Justitian

"Justitian: Die gerechte Faust": ein wahrer Moloch von einer Stadt in der postapokalyptischen Welt von "Degenesis". Es ist die Stadt der schlapphuttragenden und hammerschwingenden Richter. "Justitian" ist das von vielen Fans lange erwartete erste Quellenbuch für "Degenesis" und nimmt sich der Stadt und seinen Bewohnern auf 204 Seiten an.

von amel

 

"Degenesis" ist ein Phänomen auf dem deutschen Rollenspielmarkt. Der Verlag Sighpress ist trotz der professionell produzierten Bücher ein Hobbyverlag, dafür werden die wenigen Bücher aber auch mit der nötigen Begeisterung gefertigt. Vor diversen Jahren entstand "Degenesis" im Internet und wurde in Form von pdf-Dateien den Fans angeboten. Lange später entstand das Grundregelwerk, wie es heute vorliegt. Der immer nahe Kontakt zu den Fans hat sich bezahlt gemacht, denn die erste Auflage war in einer Zeit ausverkauft, von der viele andere Rollenspielverlage nur träumen können. Welchen Einfluss die pdf-Datei mit den kompletten, vollständig gelayouteten Grundregeln hat, die es auf der Homepage des Verlages zum Download gibt, mag man nur erahnen – doch wahrscheinlich war sie für die Verkäufe eher förderlich als nachteilig.
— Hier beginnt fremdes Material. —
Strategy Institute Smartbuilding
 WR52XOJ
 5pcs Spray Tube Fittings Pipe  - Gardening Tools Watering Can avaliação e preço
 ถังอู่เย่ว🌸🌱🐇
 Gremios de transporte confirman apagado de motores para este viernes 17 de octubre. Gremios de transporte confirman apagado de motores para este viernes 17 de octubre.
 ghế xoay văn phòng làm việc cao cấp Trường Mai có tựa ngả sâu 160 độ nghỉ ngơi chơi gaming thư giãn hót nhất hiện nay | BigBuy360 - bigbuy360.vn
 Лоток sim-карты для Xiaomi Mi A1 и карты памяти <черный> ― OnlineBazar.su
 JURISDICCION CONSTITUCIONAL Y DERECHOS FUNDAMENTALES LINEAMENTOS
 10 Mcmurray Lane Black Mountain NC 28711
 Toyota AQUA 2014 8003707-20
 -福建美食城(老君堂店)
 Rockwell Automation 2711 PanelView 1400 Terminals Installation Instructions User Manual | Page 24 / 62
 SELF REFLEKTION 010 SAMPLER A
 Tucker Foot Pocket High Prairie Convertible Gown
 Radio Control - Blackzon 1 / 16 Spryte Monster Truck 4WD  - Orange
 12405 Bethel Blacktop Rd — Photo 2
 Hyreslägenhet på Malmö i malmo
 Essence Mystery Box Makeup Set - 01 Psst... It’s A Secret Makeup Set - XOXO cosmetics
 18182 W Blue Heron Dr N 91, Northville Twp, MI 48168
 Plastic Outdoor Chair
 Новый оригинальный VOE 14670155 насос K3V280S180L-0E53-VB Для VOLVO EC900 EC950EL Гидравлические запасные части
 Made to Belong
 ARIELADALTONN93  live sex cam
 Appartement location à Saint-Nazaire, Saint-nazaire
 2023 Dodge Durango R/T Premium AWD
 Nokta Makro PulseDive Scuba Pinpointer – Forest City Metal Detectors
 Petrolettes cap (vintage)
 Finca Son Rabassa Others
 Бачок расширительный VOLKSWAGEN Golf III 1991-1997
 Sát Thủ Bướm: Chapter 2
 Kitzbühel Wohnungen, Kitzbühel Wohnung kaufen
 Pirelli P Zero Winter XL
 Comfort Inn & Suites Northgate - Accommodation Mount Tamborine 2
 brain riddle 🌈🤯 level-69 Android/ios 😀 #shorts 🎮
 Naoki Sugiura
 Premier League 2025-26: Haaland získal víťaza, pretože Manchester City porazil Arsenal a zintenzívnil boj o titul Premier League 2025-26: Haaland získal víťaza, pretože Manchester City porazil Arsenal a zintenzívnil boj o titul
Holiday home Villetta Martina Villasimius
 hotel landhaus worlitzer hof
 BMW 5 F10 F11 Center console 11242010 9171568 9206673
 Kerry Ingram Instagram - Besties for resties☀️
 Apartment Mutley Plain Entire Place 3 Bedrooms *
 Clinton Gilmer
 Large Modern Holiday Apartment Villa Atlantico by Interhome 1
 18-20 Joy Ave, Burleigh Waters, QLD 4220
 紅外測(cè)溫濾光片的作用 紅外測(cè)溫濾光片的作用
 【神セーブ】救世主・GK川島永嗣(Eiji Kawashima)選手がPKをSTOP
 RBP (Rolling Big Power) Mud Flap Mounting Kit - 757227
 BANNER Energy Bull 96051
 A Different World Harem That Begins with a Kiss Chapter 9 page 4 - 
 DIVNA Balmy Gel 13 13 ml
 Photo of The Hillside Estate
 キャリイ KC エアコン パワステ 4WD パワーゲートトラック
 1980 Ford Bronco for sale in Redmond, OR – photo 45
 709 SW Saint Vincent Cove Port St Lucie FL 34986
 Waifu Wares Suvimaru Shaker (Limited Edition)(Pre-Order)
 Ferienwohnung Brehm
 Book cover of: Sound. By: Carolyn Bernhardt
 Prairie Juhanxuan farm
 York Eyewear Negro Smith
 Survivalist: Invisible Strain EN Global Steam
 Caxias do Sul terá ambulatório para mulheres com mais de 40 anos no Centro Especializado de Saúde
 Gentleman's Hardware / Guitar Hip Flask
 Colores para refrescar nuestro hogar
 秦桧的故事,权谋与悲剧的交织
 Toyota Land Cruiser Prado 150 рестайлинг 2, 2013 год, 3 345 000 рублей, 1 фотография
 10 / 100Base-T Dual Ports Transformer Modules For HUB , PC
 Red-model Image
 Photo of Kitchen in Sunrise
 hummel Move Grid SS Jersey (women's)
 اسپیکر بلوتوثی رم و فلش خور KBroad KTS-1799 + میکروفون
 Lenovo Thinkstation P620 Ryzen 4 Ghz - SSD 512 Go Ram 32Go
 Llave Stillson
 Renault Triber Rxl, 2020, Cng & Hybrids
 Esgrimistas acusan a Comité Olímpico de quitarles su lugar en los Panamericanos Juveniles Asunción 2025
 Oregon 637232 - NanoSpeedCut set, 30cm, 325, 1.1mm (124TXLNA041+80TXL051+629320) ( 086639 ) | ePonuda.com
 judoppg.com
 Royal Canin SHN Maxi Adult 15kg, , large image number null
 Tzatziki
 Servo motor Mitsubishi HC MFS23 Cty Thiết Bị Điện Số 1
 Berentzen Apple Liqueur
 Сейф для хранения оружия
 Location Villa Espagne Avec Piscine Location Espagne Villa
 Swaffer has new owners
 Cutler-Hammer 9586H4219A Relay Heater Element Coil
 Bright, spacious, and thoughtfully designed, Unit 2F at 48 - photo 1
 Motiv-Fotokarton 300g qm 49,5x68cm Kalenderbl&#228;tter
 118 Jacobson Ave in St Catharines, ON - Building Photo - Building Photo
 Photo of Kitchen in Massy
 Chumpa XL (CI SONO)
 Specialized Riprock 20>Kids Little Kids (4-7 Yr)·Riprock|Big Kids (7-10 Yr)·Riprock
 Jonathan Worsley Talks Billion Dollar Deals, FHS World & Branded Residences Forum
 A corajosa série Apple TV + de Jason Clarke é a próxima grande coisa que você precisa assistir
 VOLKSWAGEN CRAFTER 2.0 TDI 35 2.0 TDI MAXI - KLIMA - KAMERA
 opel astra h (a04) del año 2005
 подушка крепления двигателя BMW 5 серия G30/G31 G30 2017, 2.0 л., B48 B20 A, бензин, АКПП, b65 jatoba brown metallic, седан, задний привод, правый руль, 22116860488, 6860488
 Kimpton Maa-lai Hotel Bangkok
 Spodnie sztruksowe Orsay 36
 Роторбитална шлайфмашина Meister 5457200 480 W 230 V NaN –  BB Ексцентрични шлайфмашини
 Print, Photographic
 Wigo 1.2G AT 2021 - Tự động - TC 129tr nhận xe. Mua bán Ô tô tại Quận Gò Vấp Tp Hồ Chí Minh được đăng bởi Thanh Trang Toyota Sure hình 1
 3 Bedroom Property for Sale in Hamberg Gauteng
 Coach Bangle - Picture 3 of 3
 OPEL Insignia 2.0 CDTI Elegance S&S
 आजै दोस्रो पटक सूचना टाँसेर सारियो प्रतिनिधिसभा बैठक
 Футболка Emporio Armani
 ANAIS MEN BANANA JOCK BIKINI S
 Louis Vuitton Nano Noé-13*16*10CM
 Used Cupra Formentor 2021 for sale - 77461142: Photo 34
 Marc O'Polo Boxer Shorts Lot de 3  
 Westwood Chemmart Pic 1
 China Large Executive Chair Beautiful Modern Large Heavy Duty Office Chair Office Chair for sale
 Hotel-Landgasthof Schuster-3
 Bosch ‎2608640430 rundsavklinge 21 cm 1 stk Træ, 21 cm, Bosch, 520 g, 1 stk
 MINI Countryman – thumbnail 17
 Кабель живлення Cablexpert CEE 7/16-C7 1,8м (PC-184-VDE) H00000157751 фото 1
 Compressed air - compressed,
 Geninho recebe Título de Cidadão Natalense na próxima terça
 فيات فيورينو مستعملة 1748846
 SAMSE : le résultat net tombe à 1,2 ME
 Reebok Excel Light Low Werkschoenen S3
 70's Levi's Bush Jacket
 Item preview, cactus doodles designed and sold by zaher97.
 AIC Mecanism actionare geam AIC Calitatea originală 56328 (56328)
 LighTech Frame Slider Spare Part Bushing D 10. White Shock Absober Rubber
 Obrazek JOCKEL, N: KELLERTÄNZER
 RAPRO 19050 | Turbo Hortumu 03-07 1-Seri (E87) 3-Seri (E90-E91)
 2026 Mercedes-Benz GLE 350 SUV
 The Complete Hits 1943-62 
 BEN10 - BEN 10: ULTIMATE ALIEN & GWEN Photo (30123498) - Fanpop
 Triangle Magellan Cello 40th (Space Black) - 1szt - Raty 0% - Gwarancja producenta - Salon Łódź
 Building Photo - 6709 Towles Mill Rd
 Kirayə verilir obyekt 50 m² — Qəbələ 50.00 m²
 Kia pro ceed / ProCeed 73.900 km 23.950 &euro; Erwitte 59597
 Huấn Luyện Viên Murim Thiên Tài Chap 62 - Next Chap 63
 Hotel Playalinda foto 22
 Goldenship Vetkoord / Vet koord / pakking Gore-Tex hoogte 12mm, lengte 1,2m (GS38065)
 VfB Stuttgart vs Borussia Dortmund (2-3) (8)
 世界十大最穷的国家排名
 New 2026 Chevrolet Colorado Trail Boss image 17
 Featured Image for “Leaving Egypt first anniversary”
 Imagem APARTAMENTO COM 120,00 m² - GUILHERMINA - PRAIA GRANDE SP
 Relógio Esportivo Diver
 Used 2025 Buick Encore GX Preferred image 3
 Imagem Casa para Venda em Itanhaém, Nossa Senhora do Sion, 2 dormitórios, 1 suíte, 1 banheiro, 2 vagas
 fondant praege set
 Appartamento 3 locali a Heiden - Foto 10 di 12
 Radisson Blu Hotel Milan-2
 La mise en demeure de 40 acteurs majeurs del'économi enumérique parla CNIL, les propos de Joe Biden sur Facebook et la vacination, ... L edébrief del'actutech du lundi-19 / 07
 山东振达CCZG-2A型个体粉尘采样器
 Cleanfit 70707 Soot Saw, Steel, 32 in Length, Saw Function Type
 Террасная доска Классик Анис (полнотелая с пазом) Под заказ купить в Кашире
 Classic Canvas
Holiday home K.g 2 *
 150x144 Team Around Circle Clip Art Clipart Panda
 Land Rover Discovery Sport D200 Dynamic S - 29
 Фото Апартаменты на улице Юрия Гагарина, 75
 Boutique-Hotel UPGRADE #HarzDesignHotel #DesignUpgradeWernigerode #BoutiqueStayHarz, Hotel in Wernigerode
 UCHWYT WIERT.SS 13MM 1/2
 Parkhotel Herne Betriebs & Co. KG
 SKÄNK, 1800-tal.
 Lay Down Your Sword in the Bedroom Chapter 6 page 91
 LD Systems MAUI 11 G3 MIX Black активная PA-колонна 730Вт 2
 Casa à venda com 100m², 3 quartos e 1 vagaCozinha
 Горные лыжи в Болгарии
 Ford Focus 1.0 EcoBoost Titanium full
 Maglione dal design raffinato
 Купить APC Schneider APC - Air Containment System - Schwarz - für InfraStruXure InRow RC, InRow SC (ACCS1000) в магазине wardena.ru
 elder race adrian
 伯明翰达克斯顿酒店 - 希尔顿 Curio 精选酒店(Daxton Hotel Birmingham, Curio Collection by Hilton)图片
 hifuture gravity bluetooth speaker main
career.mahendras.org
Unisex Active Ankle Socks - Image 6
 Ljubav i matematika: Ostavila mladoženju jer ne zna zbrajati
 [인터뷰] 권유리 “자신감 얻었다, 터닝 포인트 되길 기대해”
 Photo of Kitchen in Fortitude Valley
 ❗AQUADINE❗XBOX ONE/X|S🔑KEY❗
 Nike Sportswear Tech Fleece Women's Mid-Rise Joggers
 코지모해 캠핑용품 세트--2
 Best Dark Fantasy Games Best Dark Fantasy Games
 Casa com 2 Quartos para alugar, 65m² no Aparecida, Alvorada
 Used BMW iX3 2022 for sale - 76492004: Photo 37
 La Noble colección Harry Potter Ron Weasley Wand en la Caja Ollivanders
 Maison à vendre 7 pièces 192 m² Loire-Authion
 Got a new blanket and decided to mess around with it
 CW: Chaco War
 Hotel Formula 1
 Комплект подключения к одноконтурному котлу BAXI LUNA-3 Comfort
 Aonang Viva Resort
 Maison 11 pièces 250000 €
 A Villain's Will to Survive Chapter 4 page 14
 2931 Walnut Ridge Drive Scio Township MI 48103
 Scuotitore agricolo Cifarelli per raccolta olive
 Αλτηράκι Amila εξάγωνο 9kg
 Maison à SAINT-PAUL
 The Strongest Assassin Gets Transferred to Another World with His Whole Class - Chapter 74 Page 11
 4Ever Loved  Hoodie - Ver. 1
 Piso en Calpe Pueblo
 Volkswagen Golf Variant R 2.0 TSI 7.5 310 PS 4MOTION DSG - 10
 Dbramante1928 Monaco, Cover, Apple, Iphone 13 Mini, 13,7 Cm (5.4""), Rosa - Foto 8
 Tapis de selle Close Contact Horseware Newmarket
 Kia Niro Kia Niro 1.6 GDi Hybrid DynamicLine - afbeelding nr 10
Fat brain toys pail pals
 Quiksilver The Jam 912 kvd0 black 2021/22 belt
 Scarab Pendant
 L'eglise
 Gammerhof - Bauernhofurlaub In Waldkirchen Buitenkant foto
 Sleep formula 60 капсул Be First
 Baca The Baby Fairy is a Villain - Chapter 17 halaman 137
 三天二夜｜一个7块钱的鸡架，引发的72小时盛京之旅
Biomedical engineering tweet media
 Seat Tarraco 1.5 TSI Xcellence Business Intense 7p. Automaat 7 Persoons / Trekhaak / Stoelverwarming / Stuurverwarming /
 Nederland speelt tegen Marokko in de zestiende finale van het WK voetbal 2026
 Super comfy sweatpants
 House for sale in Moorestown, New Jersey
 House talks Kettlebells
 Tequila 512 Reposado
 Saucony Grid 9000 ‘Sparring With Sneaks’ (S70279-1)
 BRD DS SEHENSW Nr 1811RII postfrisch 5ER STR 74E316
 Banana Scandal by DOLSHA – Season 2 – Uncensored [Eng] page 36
Die Begeisterung und Fan-Nähe der Macher hat auch nach dem Erfolg der Grundregeln angehalten, so wurde etwa der Spielleiterschirm, der sich nach Auslieferung als zu dünn und schwabbelig herausstellte (schlechte Beratung der Druckerei), neu gedruckt und kostenlos an die Besteller versandt – ein guter Service für die Fans und wahrscheinlich die Vernichtung jeden Gewinns für den Verlag.

Die grafische Gestaltung von "Justitian" (und "Degenesis" im Allgemeinen) ist einzigartig: Jede Seite wird individuell konzipiert und es gibt eine Menge Bilder von außergewöhnlicher Qualität. Sehr schön sind auch die beiden Karten auf den Umschlaginnenseiten: vorn Justitians Umgebung (auch wenn die Karte ohne Legende fast nutzlos ist) und hinten von der Stadt selbst. Nur der hektische Seitenhintergrund stört, so gut er auch zu dem Bild passt, das vermittelt werden soll, denn er erschwert das Lesen erheblich.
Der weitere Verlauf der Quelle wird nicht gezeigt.